» Task to complete
Starting at the line that contains "At the time" and stopping after the line that contains "P-I-S-T-A-C-H-I-O-S, pistachios. C-H-E-S-T-N-U-T-S, chestnuts.", transcribe the listing below exactly; do not include any pictures.

» Data extract
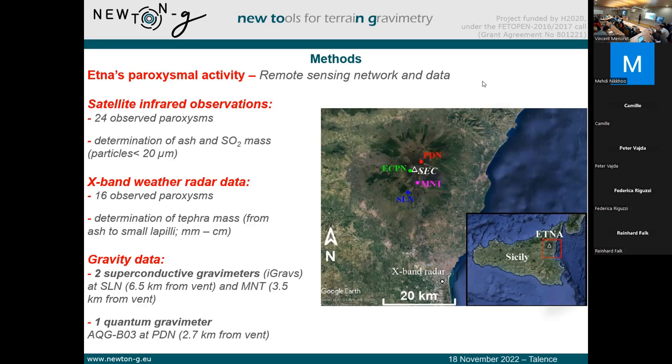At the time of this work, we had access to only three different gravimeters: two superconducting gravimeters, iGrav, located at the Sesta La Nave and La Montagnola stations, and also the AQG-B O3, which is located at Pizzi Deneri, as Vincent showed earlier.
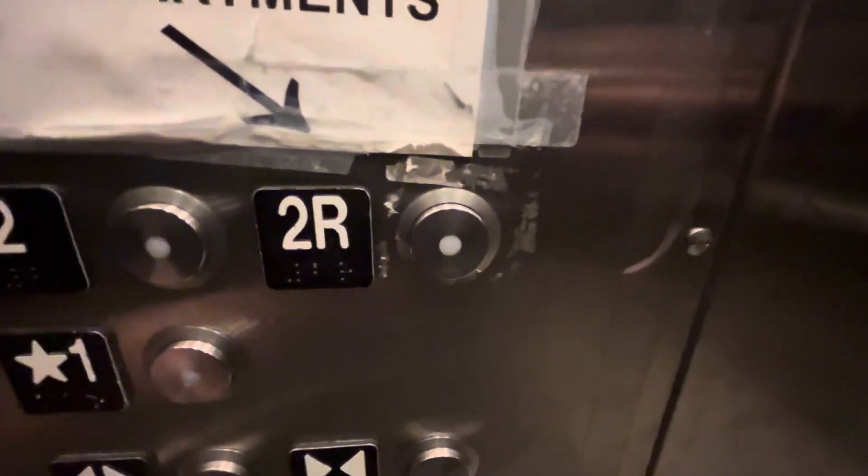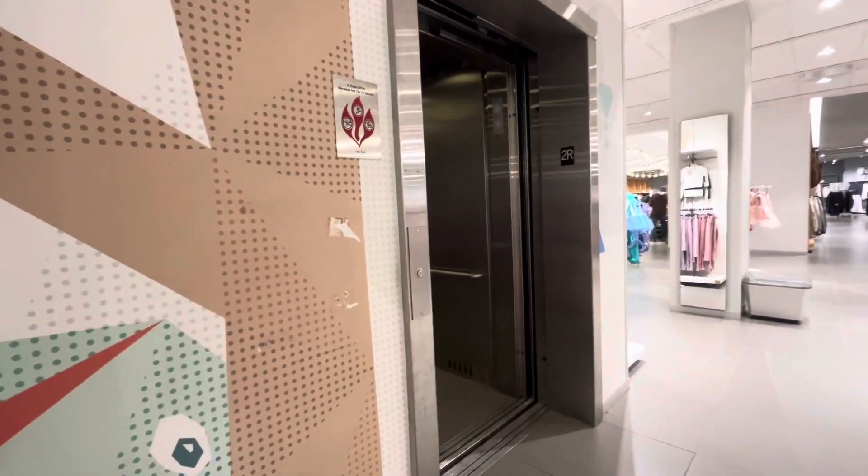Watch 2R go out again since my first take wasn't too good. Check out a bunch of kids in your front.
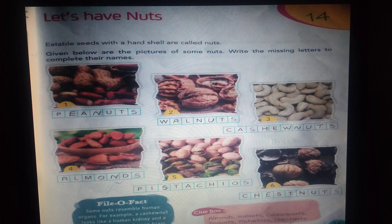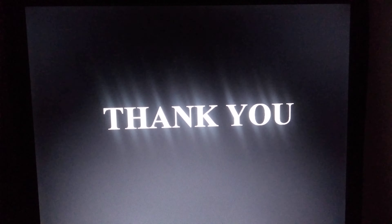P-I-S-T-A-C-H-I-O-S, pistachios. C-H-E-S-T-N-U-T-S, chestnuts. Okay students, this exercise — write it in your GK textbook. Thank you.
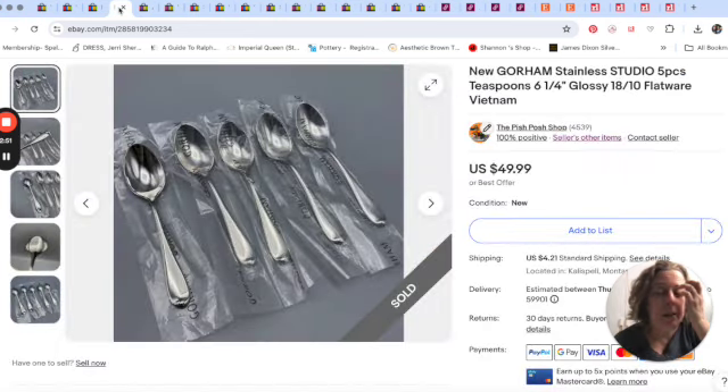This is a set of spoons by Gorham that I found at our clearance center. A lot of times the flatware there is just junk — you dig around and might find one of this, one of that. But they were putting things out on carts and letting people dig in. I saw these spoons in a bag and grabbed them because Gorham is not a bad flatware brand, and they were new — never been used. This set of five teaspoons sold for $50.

---

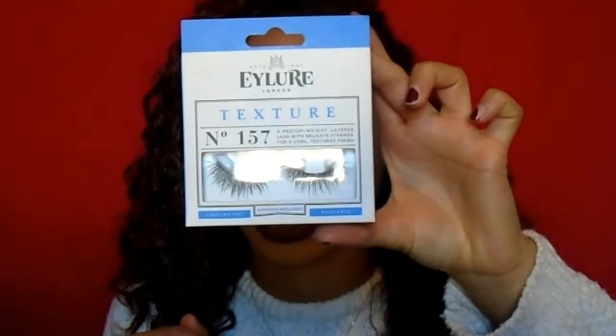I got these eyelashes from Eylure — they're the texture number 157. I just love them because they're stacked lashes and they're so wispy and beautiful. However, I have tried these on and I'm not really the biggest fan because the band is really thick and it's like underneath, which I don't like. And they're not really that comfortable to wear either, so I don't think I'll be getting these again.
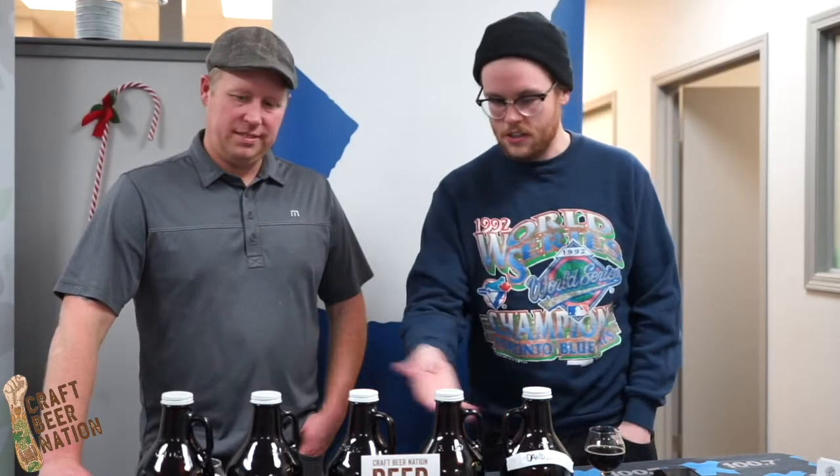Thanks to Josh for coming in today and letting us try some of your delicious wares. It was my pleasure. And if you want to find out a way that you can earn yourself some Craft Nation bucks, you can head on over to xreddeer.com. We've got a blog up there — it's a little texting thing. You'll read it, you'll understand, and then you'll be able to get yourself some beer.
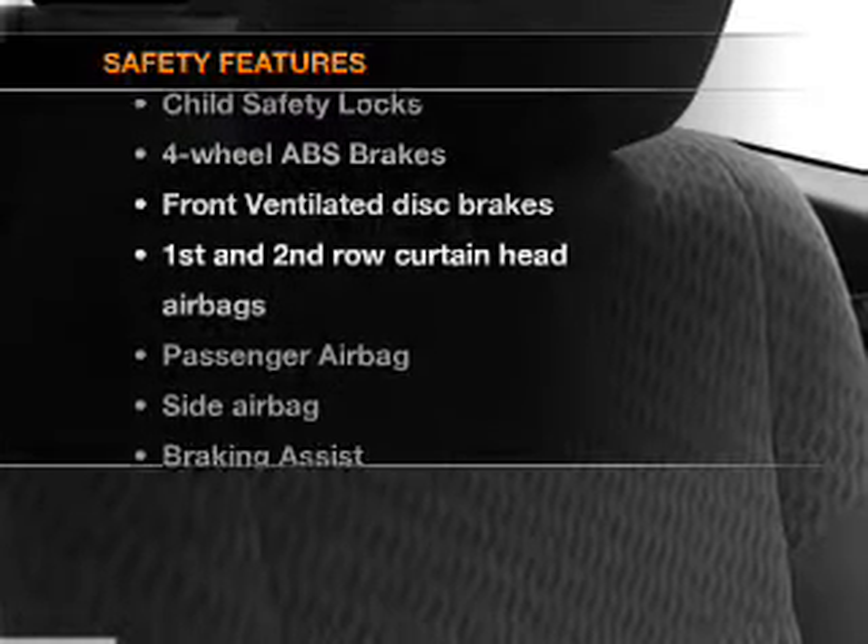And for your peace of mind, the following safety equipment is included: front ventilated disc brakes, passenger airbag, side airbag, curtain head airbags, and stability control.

* * *

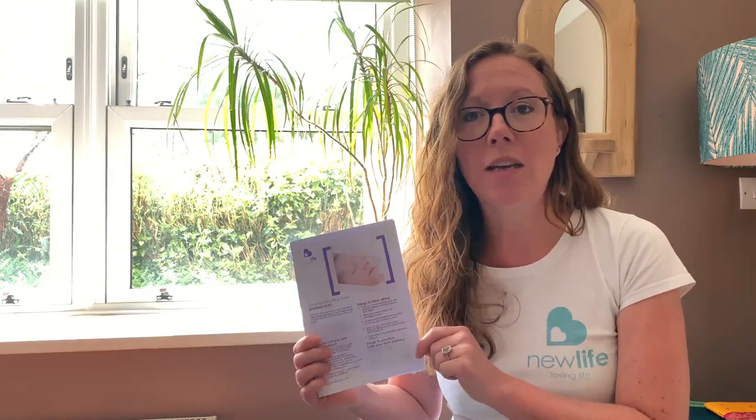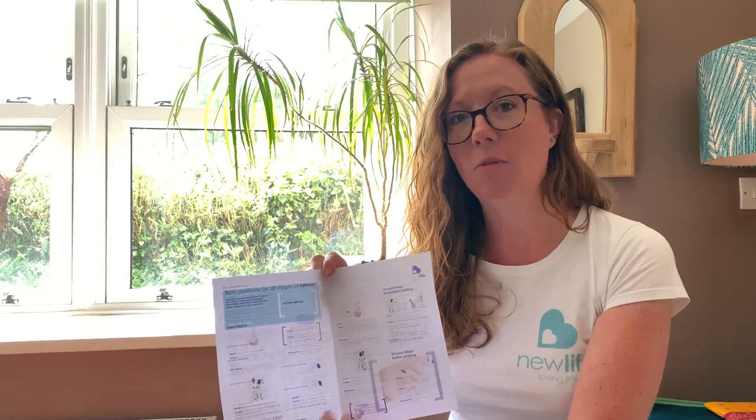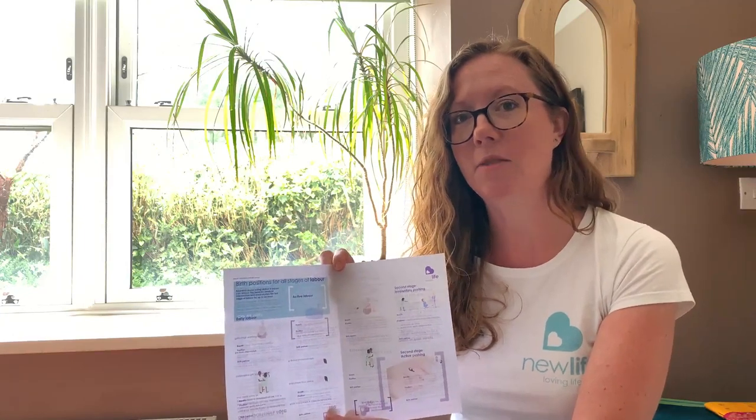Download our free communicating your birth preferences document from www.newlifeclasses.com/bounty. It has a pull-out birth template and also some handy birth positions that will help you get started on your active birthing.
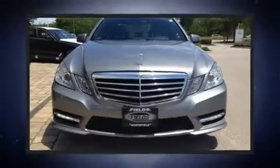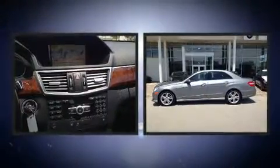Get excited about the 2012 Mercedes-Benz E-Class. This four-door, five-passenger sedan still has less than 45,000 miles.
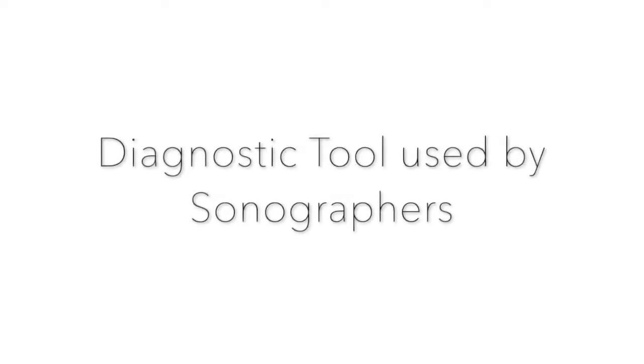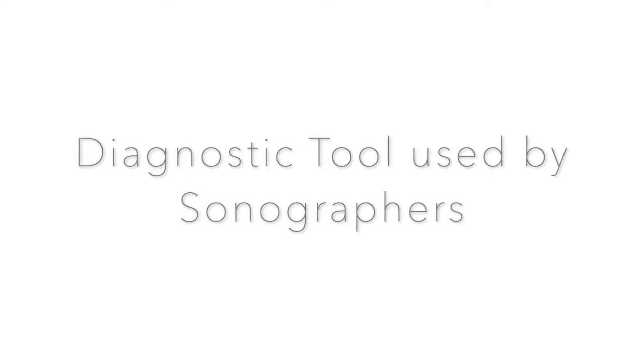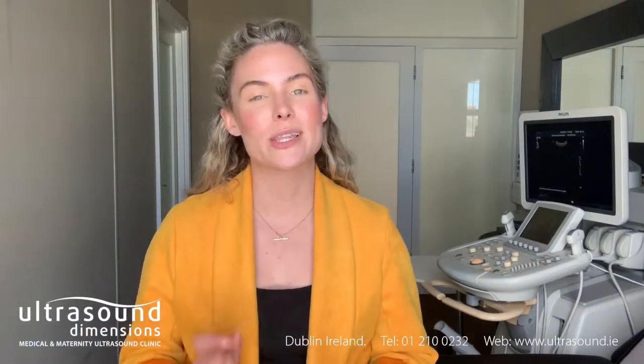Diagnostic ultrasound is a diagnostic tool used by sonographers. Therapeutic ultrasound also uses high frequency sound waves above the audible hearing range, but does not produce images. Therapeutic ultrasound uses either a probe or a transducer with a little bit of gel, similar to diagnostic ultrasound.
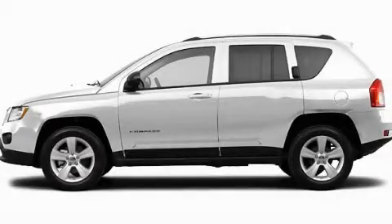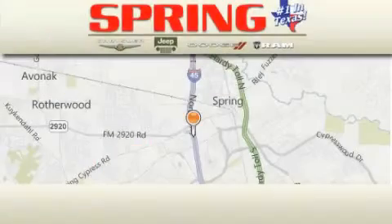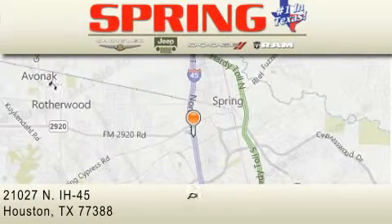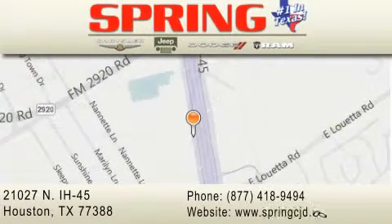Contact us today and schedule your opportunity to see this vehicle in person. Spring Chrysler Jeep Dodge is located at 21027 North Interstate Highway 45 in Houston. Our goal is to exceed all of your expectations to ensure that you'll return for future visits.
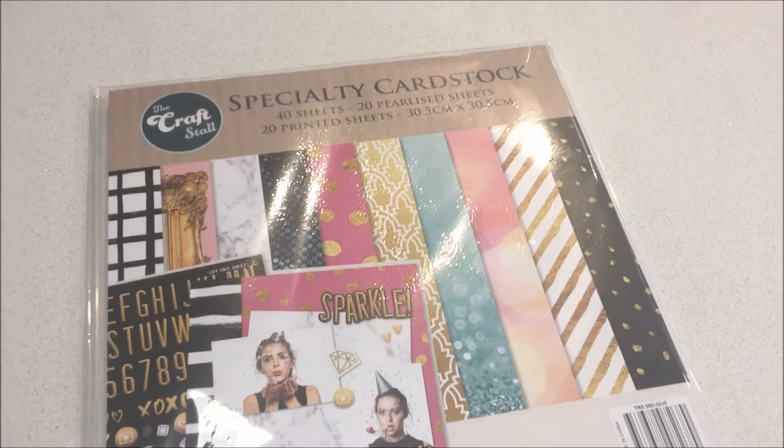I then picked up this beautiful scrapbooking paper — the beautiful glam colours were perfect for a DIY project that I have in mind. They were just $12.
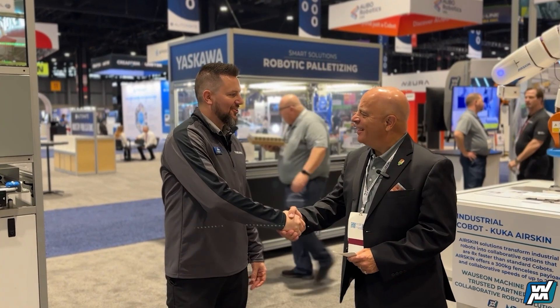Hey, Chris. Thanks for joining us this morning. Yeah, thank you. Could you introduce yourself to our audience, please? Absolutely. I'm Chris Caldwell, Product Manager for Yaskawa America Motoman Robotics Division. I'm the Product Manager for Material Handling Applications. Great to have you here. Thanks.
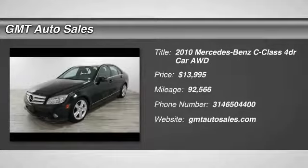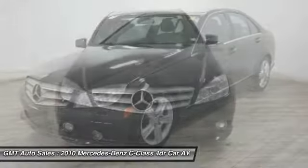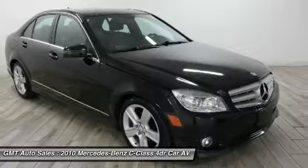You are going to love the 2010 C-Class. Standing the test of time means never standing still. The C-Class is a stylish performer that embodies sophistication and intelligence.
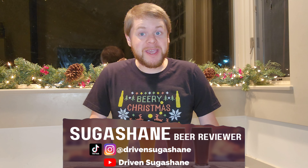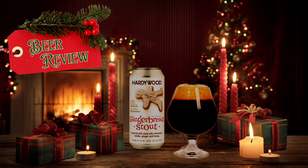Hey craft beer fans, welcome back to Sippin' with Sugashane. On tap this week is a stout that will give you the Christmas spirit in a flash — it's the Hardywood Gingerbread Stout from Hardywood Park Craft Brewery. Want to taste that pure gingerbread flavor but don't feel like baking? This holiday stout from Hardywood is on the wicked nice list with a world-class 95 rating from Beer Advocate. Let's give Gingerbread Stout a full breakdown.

» Worked solution
At the time of this work, we had access to only three different gravimeters: two superconducting gravimeters, iGrav, located at the Sesta La Nave and La Montagnola stations, and also the AQG-B O3, which is located at Pizzi Deneri, as Vincent showed earlier.
Watch 2R go out again since my first take wasn't too good. Check out a bunch of kids in your front.
P-I-S-T-A-C-H-I-O-S, pistachios. C-H-E-S-T-N-U-T-S, chestnuts. Okay students, this exercise — write it in your GK textbook. Thank you.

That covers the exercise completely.